Recorded information -
•••

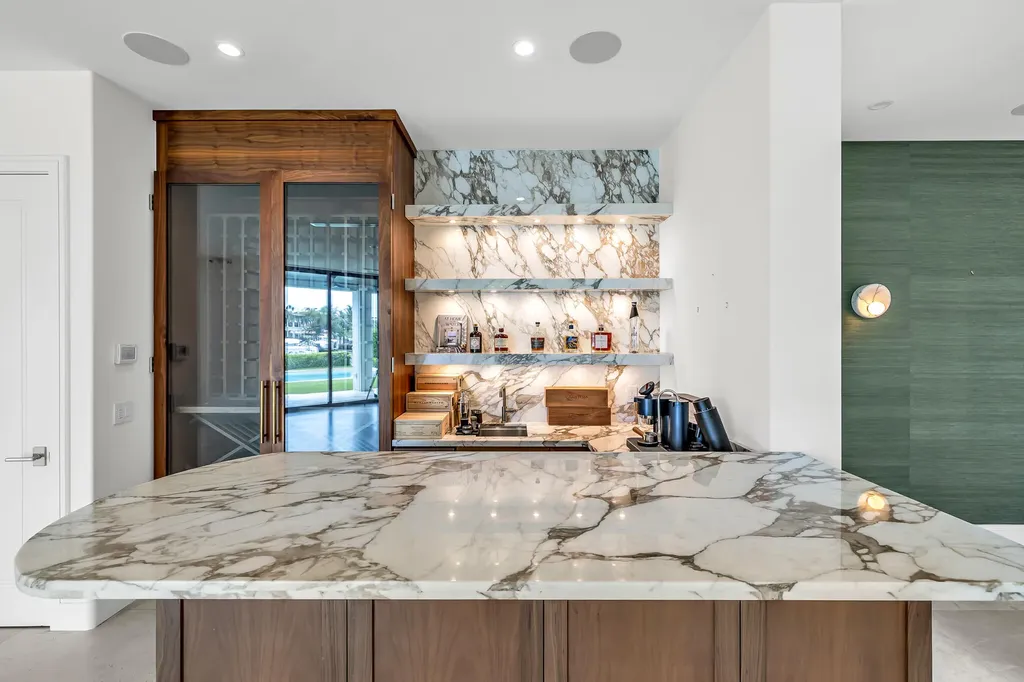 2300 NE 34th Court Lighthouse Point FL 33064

•••

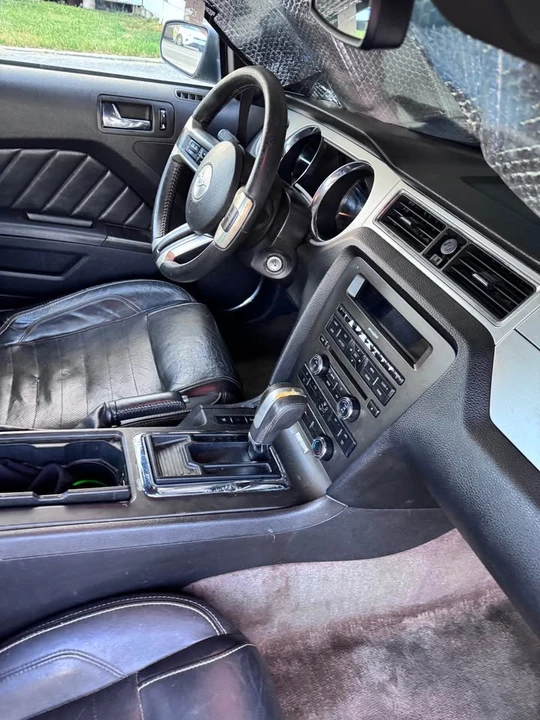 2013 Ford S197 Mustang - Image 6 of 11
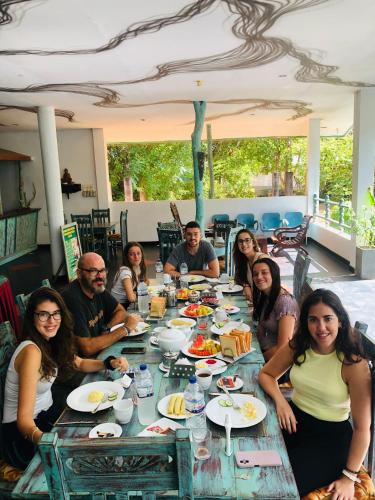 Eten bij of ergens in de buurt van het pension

•••

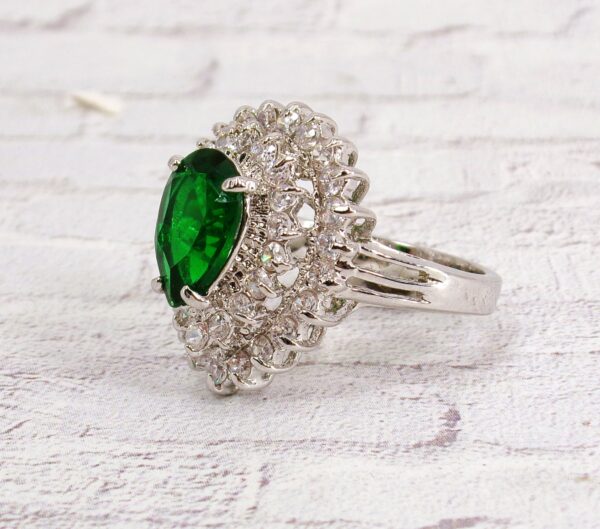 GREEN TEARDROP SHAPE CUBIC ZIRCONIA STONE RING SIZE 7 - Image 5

•••

Problem statement -
In the records above, everything from the line with "2013 Ford S197 Mustang - Image 6 of 11" down to the line with "Eten bij of" is to be set down exactly, both ends included, with no pictures and no other lines.

Expected answer -
 2013 Ford S197 Mustang - Image 6 of 11
 Eten bij of ergens in de buurt van het pension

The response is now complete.